I casi mantovani di polmonite sono 14: 7 ad Asola, 3 a Castiglione, 1 a Canneto, 1 a Casalmoro, 1 a Guidizzolo e 1 a Porto Mantovano. Nell’ospedale di Castiglione su dieci persone ricoverate per polmonite, per due c’è il sospetto legionella.

«Oltre ai due casi confermati - ha spiegato ieri l'assessore al welfare della Regione, Giulio Gallera - la stragrande maggioranza dei casi sottoposti aduna prima e tempestiva indagine diagnostica ha avuto esito negativo». Un’indagine, precisa che però non esclude la presenza del batterio, e che obbliga a ulteriori approfondimenti. Gallera ricorda che è stata fatta una verifica con i gestori degli acquedotti dei comuni bresciani interessati, «confermando che non vi sono interconnessioni strutturate che giustifichino un interessamento di altri comuni».

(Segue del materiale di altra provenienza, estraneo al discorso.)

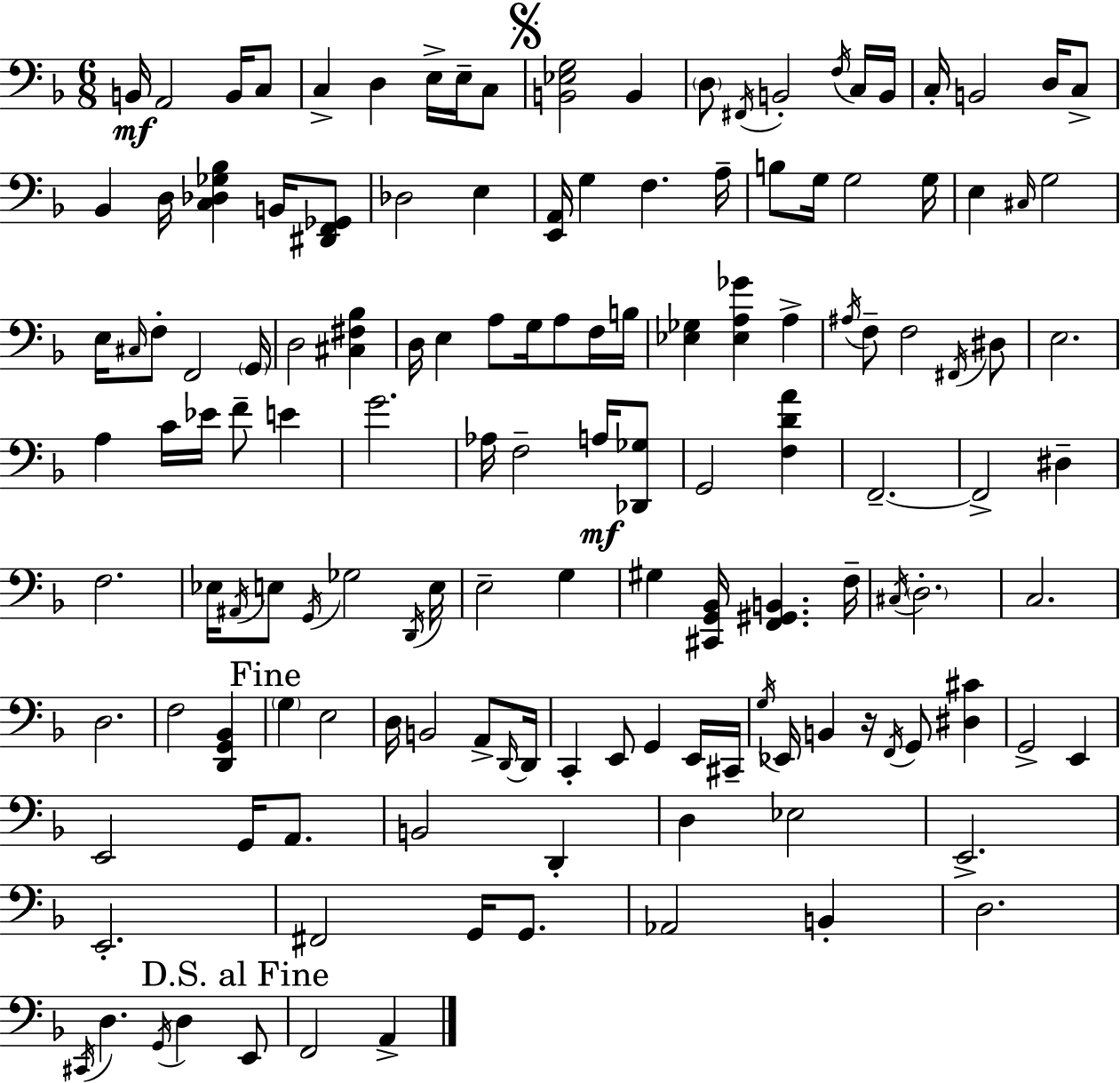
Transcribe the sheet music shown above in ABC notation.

X:1
T:Untitled
M:6/8
L:1/4
K:Dm
B,,/4 A,,2 B,,/4 C,/2 C, D, E,/4 E,/4 C,/2 [B,,_E,G,]2 B,, D,/2 ^F,,/4 B,,2 F,/4 C,/4 B,,/4 C,/4 B,,2 D,/4 C,/2 _B,, D,/4 [C,_D,_G,_B,] B,,/4 [^D,,F,,_G,,]/2 _D,2 E, [E,,A,,]/4 G, F, A,/4 B,/2 G,/4 G,2 G,/4 E, ^C,/4 G,2 E,/4 ^C,/4 F,/2 F,,2 G,,/4 D,2 [^C,^F,_B,] D,/4 E, A,/2 G,/4 A,/2 F,/4 B,/4 [_E,_G,] [_E,A,_G] A, ^A,/4 F,/2 F,2 ^F,,/4 ^D,/2 E,2 A, C/4 _E/4 F/2 E G2 _A,/4 F,2 A,/4 [_D,,_G,]/2 G,,2 [F,DA] F,,2 F,,2 ^D, F,2 _E,/4 ^A,,/4 E,/2 G,,/4 _G,2 D,,/4 E,/4 E,2 G, ^G, [^C,,G,,_B,,]/4 [F,,^G,,B,,] F,/4 ^C,/4 D,2 C,2 D,2 F,2 [D,,G,,_B,,] G, E,2 D,/4 B,,2 A,,/2 D,,/4 D,,/4 C,, E,,/2 G,, E,,/4 ^C,,/4 G,/4 _E,,/4 B,, z/4 F,,/4 G,,/2 [^D,^C] G,,2 E,, E,,2 G,,/4 A,,/2 B,,2 D,, D, _E,2 E,,2 E,,2 ^F,,2 G,,/4 G,,/2 _A,,2 B,, D,2 ^C,,/4 D, G,,/4 D, E,,/2 F,,2 A,,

PREVENZIONE. Ieri l’Ats Val Padana ha diffuso un avviso per la popolazione degli ex distretti di Asola e Guidizzolo con alcune indicazioni a scopo precauzionale. La prima è la precisazione che non esiste alcun tipo di rischio per l'utilizzo dell'acqua alimentare e non sussiste alcuna restrizione al normale svolgimento dell’attività nelle varie comunità. Una precisazione necessaria per fermare la corsa all’acquisto inutile di acqua minerale.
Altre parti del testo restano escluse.